If you have confirmed that: (1) there is a re-entry clause in the Lease; (2) the re-entry clause covers the tenant’s act; and (3) any pre-conditions in the Lease have been satisfied: you have a right to forfeit the Lease.
Step 2 – Avoid Waiver
If you want to look into the possibility of forfeiting the Lease and regaining possession of the premises, you should ensure that you do not waive the right to forfeit in the meantime.
What is waiver?
No matter what your intention, you will waive the right to forfeit if you: (a) know of your tenant’s breach; and (b) do something which unequivocally recognises the Lease as existing or continuing. In order for there to be waiver, your act which treats the Lease as if it is still in existence must also have been communicated to the tenant.
Always think: Will what I am about to do treat the Lease as if it still exists? Am I doing something which I am only allowed to do by virtue of the Lease?
Potential acts of waiver:
- Demanding or accepting sums due under the Lease.
- Levying distress.
- Negotiating or granting consents required under the Lease.
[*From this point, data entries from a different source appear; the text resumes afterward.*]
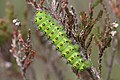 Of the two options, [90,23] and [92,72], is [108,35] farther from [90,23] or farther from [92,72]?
[92,72]

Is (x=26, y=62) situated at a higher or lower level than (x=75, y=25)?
lower

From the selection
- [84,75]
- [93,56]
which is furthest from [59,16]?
[93,56]

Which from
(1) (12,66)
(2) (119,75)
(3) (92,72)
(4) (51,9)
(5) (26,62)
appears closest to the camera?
(3) (92,72)

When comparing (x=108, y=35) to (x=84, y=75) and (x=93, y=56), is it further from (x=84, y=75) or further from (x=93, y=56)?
(x=93, y=56)

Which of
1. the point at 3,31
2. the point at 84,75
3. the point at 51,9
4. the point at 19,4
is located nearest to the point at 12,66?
the point at 3,31

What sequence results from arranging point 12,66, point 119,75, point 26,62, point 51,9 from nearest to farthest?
point 51,9
point 26,62
point 12,66
point 119,75

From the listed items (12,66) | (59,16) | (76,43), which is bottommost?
(12,66)

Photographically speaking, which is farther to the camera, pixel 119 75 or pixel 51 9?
pixel 119 75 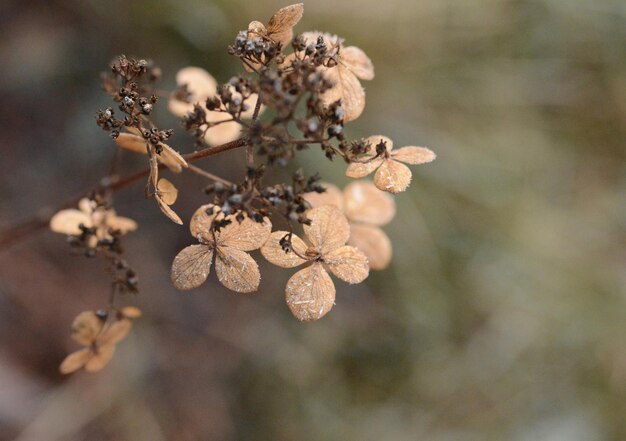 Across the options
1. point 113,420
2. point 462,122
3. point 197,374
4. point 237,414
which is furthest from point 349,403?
point 462,122

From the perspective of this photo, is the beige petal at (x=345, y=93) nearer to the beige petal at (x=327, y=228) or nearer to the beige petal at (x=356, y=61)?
the beige petal at (x=356, y=61)

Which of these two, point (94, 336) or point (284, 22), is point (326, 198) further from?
point (94, 336)

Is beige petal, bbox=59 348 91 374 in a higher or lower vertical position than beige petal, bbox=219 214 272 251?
lower

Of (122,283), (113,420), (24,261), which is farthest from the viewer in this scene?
(24,261)

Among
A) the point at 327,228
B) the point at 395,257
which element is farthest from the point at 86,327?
the point at 395,257

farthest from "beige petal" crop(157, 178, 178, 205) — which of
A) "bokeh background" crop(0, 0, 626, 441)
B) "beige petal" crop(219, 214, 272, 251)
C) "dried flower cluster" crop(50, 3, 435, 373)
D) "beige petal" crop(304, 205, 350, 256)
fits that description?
"bokeh background" crop(0, 0, 626, 441)

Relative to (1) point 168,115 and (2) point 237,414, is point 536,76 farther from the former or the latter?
(2) point 237,414

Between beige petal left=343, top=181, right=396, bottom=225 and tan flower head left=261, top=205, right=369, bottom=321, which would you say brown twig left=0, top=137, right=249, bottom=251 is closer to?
tan flower head left=261, top=205, right=369, bottom=321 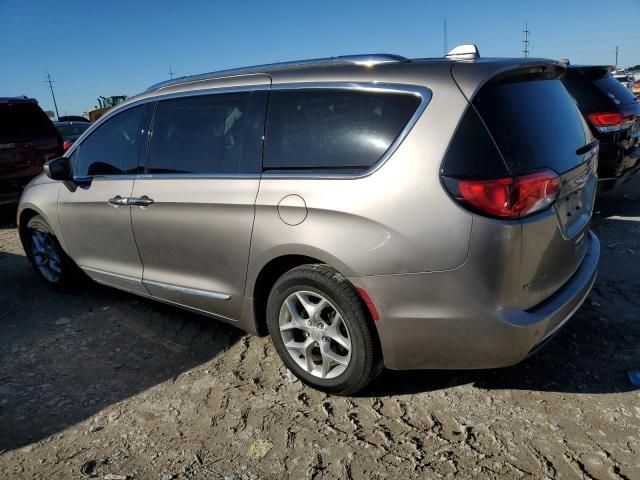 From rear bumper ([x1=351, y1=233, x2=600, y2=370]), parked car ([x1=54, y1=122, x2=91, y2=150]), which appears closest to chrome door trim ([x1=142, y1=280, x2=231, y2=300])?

- Serving notices under the Lease.
- Serving statutory notices.
- Seeking an injunction against a breach of covenant.
- Arranging to inspect the premises.
- Offering to accept or negotiating a surrender of the Lease.
For some breaches (which are called “continuing breaches”), it may not be a problem if you waive the right to forfeit because the right can arise again. However, it is generally better to take a cautious approach at first, until you have confirmed the nature of the breach.
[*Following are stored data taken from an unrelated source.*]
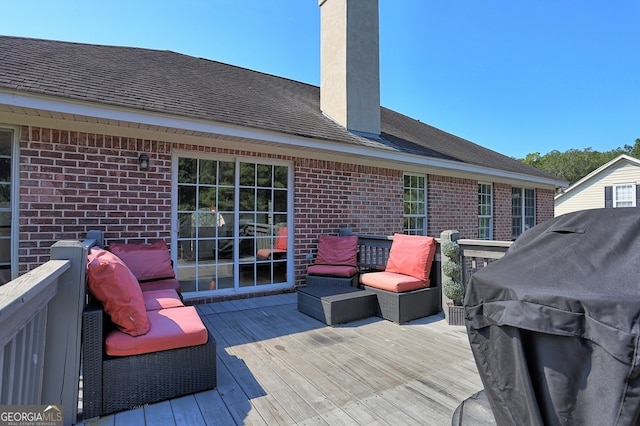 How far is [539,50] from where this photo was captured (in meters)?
14.0

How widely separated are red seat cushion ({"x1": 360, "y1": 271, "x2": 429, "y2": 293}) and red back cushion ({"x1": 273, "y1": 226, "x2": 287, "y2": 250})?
1579mm

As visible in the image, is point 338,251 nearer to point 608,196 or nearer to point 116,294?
point 116,294

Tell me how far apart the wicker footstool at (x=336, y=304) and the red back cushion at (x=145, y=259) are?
5.51 feet

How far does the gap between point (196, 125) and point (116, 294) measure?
8.53 ft

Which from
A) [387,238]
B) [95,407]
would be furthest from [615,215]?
[387,238]

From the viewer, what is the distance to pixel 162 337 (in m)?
2.27

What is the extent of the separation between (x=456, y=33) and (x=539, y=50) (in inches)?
241

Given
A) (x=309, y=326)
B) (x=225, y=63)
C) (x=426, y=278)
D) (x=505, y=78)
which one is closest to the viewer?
(x=309, y=326)

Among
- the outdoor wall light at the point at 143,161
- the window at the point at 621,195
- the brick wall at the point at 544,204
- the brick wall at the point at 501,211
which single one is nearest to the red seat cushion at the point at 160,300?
the outdoor wall light at the point at 143,161

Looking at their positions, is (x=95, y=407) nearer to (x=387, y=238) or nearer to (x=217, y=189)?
(x=217, y=189)

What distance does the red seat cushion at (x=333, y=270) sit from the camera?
4.82 m

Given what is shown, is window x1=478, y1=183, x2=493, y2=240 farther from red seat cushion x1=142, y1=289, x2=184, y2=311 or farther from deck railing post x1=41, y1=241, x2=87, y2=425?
deck railing post x1=41, y1=241, x2=87, y2=425

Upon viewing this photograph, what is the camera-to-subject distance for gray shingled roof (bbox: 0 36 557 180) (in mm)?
3854

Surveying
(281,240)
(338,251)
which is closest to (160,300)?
(281,240) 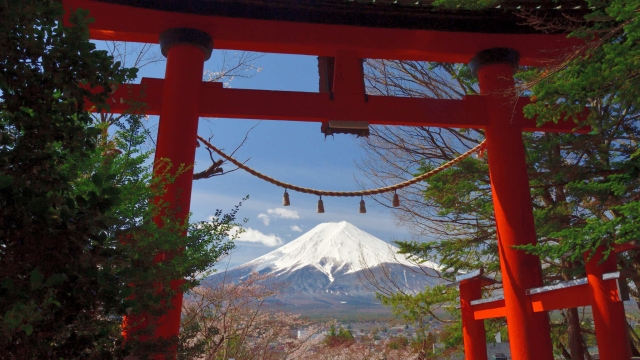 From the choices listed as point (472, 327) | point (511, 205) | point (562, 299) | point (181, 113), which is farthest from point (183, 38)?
point (472, 327)

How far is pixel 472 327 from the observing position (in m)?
4.48

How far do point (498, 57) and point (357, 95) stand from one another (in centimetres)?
140

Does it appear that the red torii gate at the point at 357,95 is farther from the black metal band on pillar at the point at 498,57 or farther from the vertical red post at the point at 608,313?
the vertical red post at the point at 608,313

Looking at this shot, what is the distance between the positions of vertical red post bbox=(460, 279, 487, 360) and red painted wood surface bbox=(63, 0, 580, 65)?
7.74ft

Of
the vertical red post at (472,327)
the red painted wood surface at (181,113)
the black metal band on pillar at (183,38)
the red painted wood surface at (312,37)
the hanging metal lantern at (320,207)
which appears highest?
the red painted wood surface at (312,37)

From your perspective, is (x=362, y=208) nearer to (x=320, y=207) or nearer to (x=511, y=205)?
(x=320, y=207)

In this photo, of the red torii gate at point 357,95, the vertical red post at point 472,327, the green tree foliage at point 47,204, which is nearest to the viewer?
the green tree foliage at point 47,204

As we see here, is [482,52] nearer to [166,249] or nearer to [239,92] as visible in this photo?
[239,92]

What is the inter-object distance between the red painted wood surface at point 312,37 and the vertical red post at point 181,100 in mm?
149

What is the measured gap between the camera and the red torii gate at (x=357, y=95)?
360 centimetres

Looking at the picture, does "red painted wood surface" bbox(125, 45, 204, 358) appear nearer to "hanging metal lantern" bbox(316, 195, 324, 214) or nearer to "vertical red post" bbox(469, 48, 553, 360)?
"hanging metal lantern" bbox(316, 195, 324, 214)

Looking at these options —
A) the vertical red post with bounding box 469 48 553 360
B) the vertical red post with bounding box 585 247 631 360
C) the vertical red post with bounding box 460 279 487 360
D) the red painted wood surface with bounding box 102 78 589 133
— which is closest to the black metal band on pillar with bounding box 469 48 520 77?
the vertical red post with bounding box 469 48 553 360

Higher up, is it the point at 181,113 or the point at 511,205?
the point at 181,113

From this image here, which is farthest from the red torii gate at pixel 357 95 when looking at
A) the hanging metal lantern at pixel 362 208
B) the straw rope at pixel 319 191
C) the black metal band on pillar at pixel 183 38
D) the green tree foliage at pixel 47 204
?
the green tree foliage at pixel 47 204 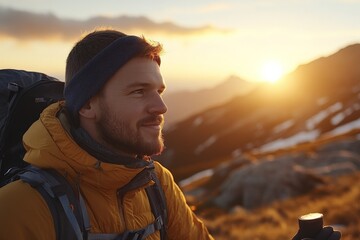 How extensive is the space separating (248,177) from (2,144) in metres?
23.5

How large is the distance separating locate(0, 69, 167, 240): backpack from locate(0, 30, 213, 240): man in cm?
7

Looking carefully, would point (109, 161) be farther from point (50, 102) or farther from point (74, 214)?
point (50, 102)

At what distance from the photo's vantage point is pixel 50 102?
3.59 metres

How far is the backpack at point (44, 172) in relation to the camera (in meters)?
2.57

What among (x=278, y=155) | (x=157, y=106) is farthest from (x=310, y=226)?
(x=278, y=155)

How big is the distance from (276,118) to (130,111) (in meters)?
82.0

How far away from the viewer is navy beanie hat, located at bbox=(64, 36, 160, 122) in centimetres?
310

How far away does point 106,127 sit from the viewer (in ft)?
10.3

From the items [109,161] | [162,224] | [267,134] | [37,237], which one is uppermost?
[109,161]

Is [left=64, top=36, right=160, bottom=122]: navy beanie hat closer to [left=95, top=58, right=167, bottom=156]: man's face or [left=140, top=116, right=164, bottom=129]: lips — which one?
[left=95, top=58, right=167, bottom=156]: man's face

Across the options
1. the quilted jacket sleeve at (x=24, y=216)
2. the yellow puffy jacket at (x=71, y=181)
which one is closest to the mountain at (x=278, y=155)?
the yellow puffy jacket at (x=71, y=181)

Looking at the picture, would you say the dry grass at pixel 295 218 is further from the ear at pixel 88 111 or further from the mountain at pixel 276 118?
the mountain at pixel 276 118

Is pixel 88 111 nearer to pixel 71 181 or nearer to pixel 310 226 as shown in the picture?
pixel 71 181

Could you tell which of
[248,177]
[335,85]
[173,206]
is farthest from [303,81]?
[173,206] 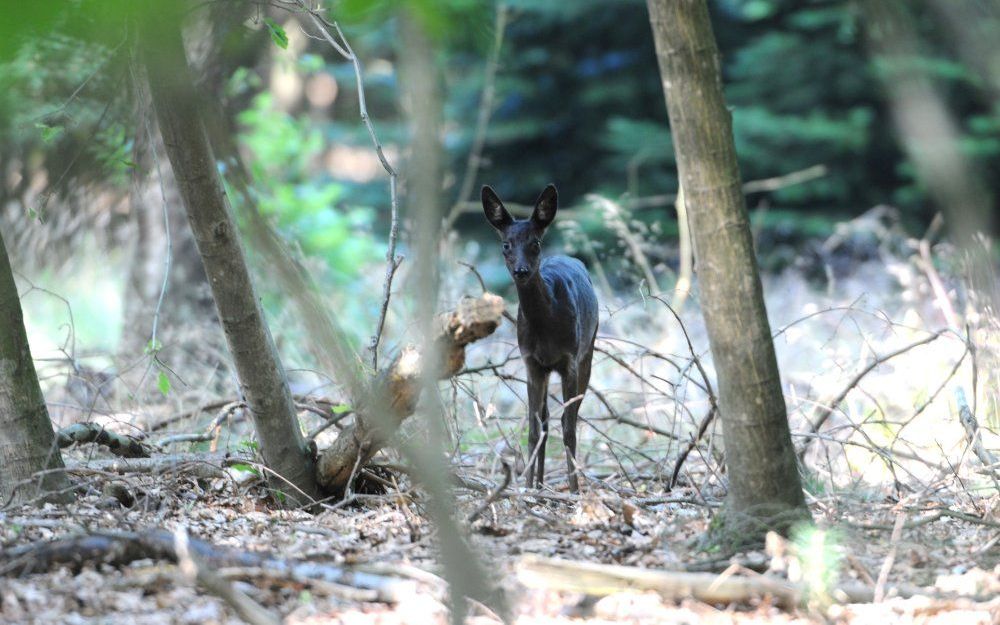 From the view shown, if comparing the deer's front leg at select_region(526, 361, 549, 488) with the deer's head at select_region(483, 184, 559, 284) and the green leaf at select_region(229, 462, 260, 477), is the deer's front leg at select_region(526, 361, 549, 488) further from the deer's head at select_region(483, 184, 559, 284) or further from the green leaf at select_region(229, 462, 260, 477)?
the green leaf at select_region(229, 462, 260, 477)

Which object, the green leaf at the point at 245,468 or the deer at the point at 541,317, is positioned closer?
the green leaf at the point at 245,468

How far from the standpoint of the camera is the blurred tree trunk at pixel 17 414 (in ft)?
14.8

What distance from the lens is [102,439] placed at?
5.31 metres

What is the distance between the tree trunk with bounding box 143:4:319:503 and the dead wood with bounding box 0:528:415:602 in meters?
1.16

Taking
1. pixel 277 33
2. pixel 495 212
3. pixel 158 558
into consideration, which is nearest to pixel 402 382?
pixel 158 558

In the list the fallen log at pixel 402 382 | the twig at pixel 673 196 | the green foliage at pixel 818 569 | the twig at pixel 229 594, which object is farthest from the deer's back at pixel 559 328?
the twig at pixel 229 594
Some of the common breaches of Lease, e.g. non-payment of rent, unauthorised assignment, unauthorised subletting and insolvency, are all regarded as “once and for all” breaches. This means that waiver in those cases would lose you the right to forfeit until there is any further breach by the tenant.
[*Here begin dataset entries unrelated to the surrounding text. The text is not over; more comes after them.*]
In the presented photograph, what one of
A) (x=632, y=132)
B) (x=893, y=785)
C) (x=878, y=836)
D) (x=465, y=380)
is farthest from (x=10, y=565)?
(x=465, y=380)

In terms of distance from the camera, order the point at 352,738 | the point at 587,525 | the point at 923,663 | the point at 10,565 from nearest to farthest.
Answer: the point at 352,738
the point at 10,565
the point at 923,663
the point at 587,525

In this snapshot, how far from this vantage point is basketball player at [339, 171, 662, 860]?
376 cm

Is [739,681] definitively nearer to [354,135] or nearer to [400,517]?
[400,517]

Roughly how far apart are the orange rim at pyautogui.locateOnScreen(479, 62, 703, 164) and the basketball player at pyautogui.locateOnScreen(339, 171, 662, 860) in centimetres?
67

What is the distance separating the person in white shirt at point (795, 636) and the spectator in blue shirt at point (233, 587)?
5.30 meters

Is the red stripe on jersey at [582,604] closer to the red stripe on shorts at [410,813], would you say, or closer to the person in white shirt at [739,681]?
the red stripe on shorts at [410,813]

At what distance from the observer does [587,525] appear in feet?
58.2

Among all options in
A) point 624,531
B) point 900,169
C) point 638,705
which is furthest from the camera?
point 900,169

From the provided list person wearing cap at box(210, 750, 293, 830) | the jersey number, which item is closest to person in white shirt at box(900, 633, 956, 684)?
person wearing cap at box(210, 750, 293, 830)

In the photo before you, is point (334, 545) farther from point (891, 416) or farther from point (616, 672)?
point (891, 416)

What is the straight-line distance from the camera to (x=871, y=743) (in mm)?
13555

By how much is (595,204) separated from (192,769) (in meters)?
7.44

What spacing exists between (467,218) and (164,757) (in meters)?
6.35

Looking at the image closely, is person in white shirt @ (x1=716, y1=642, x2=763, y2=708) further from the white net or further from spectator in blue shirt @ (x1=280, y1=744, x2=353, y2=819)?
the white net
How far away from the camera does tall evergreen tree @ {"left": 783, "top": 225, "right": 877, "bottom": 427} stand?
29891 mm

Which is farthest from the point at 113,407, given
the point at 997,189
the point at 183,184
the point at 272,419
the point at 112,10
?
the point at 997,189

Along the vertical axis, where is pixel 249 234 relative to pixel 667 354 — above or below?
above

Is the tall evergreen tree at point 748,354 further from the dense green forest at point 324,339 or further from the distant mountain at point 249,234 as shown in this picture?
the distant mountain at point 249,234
Step 3 – Actively Preserve the Right to Forfeit
- Only communicate with the tenant and/or its representatives on a without prejudice basis, if at all.
- Ensure that no sums due under the Lease are demanded or accepted, even on a without prejudice basis. Any letters to the tenant to chase arrears should be carefully worded, so that they do not waive the right to forfeit.
- Do not discuss the payment of future sums due under the Lease with the tenant and/or its representatives, even on a without prejudice basis.
Step 4 – Consider the possibility of forfeiting the Lease
This note is not intended to advise on the considerations that arise here and specific advice should be sought in individual cases. However, as a guide, the following factors should be borne in mind:
- Do you want to redevelop the premises?
- Is there a rent deposit?
- Is there a subtenant at the premises?
- Do you have a guarantor or any former tenants or former guarantors who are still liable?
- Are you confident that you can re-let the premises?
- Will the new rent payable by any new tenant be at least as much as the existing rent?